With the images removed, write out every line below exactly.
** COLLECTED DATA follows **
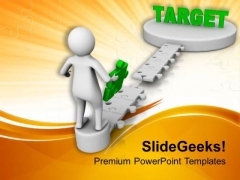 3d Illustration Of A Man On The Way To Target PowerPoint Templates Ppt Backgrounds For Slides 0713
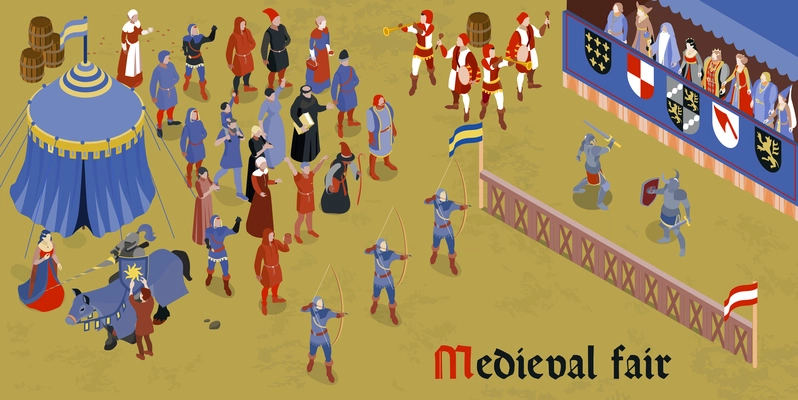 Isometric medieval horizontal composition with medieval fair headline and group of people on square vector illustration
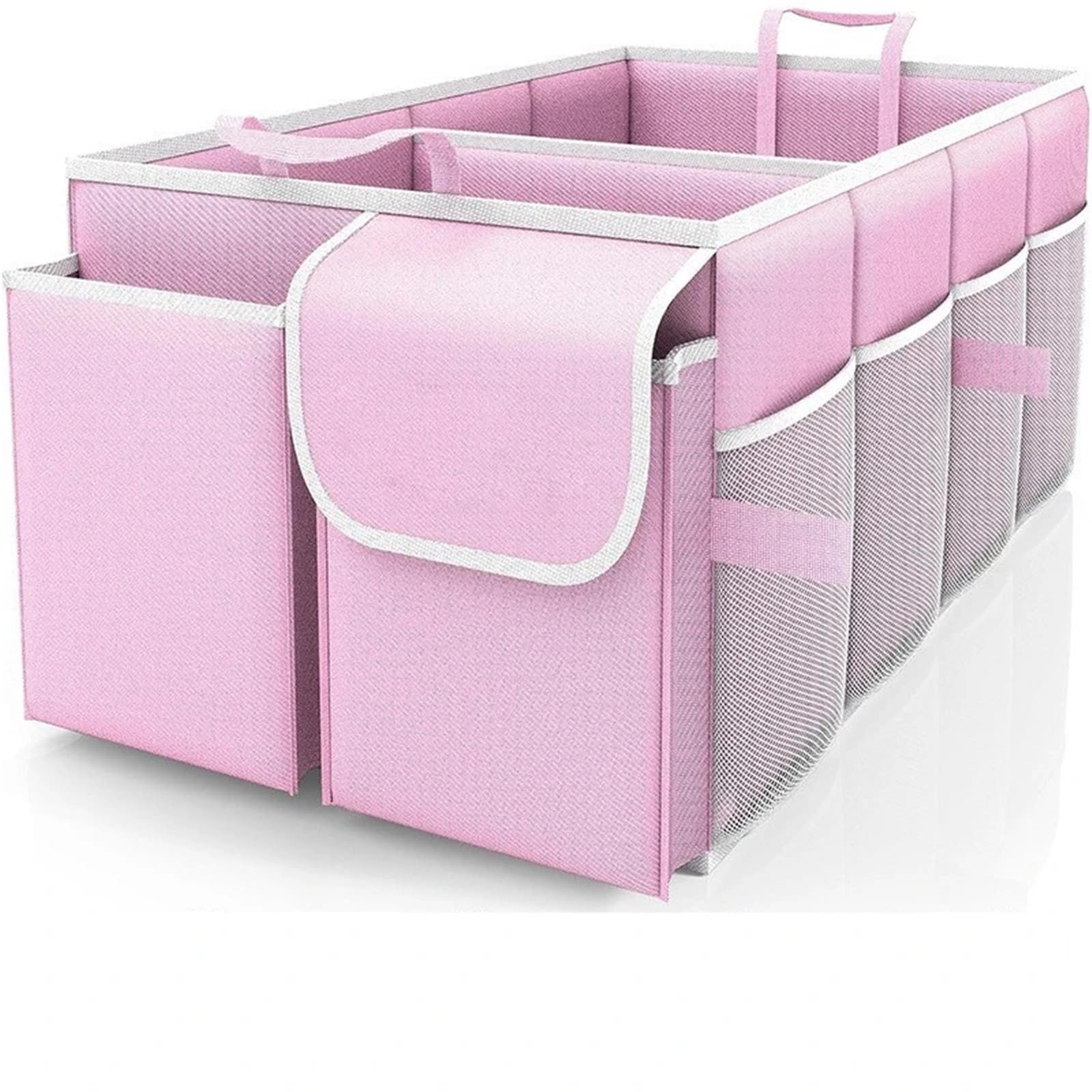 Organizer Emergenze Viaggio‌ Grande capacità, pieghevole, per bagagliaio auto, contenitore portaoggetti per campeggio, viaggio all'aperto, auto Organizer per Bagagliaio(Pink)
** End of COLLECTED DATA **
EXPECTED ANSWER:
 3d Illustration Of A Man On The Way To Target PowerPoint Templates Ppt Backgrounds For Slides 0713
 Isometric medieval horizontal composition with medieval fair headline and group of people on square vector illustration
 Organizer Emergenze Viaggio‌ Grande capacità, pieghevole, per bagagliaio auto, contenitore portaoggetti per campeggio, viaggio all'aperto, auto Organizer per Bagagliaio(Pink)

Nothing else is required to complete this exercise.